What the task requires -> Exactly as they appear, copy the lines from the one holding "Zwei Osterhühner auf" through the end of the records, leaving pictures out.

===== Data extracts =====

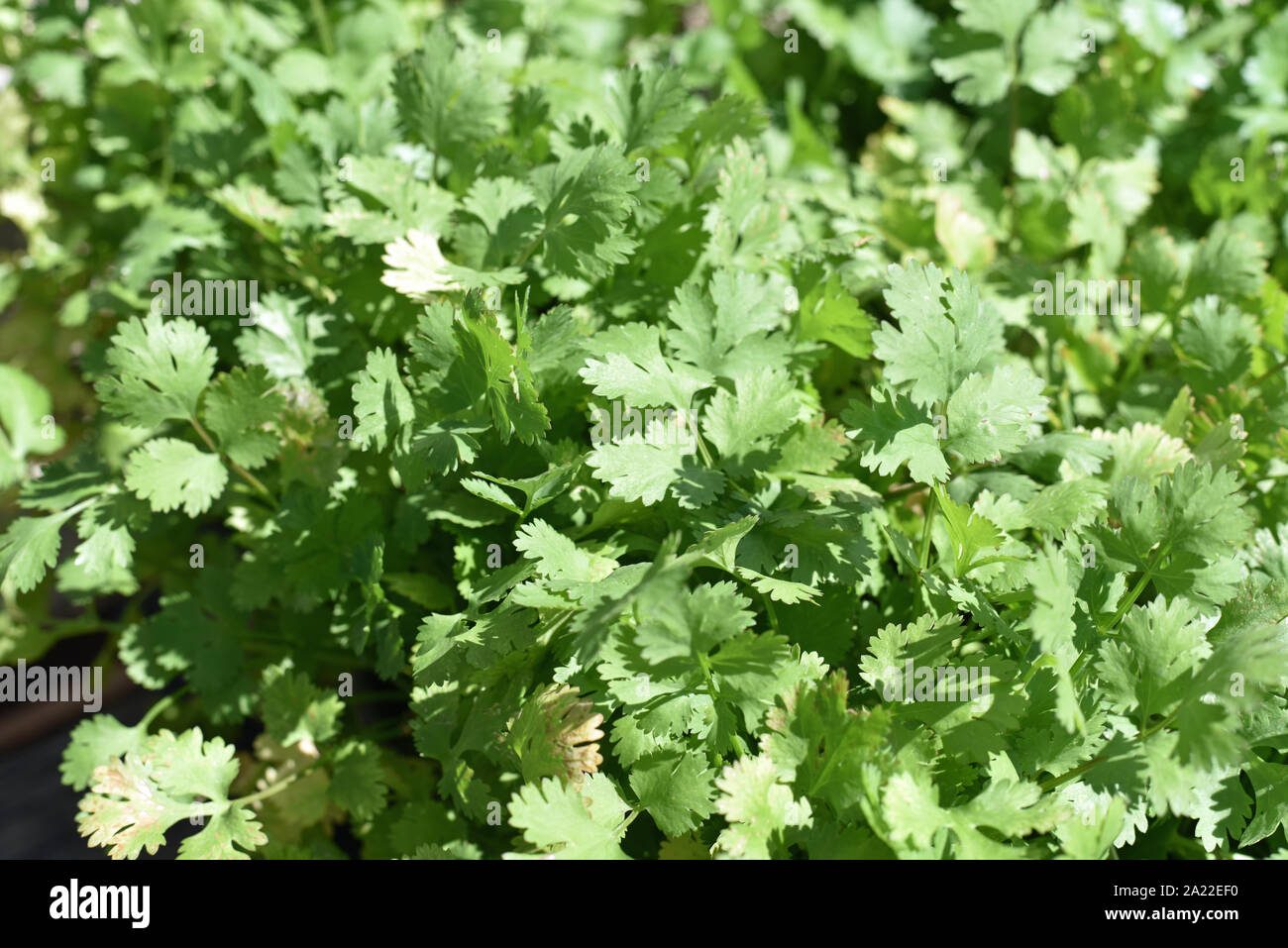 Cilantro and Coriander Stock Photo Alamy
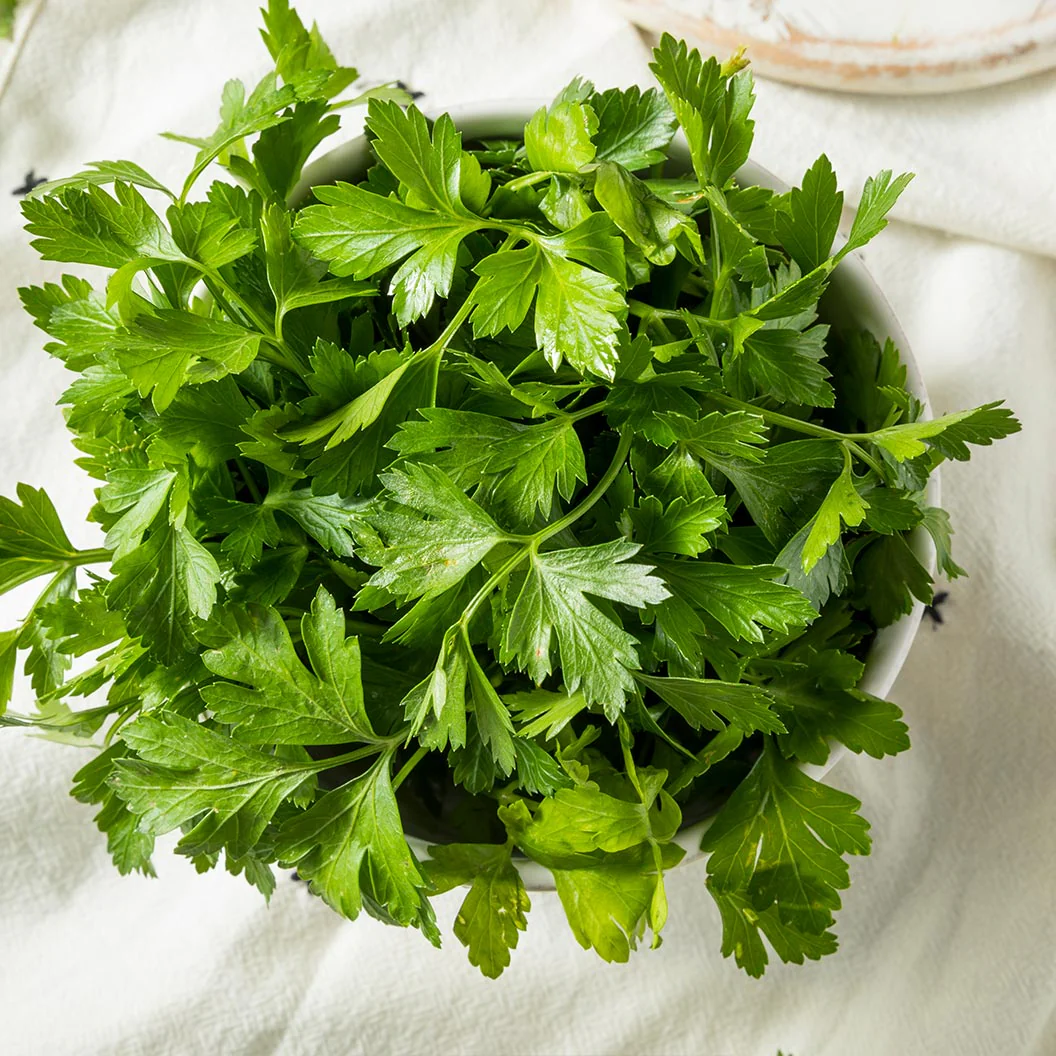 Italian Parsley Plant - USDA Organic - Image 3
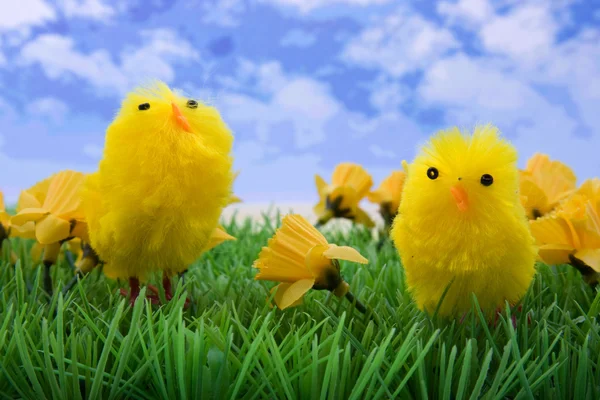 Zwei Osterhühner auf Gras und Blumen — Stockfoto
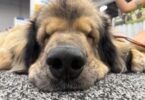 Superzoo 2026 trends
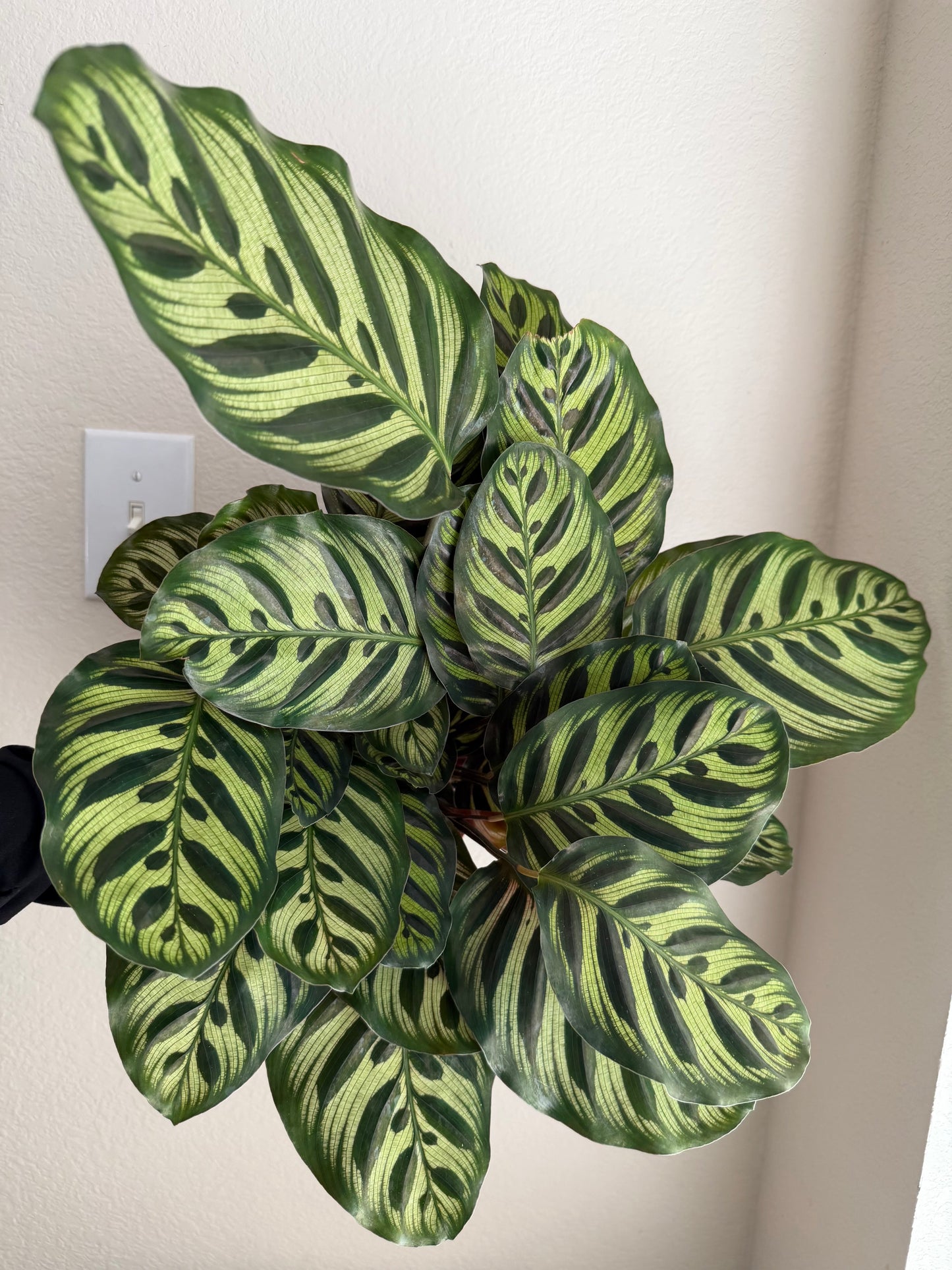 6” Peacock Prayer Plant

=====

Output ->
 Zwei Osterhühner auf Gras und Blumen — Stockfoto
 Superzoo 2026 trends
 6” Peacock Prayer Plant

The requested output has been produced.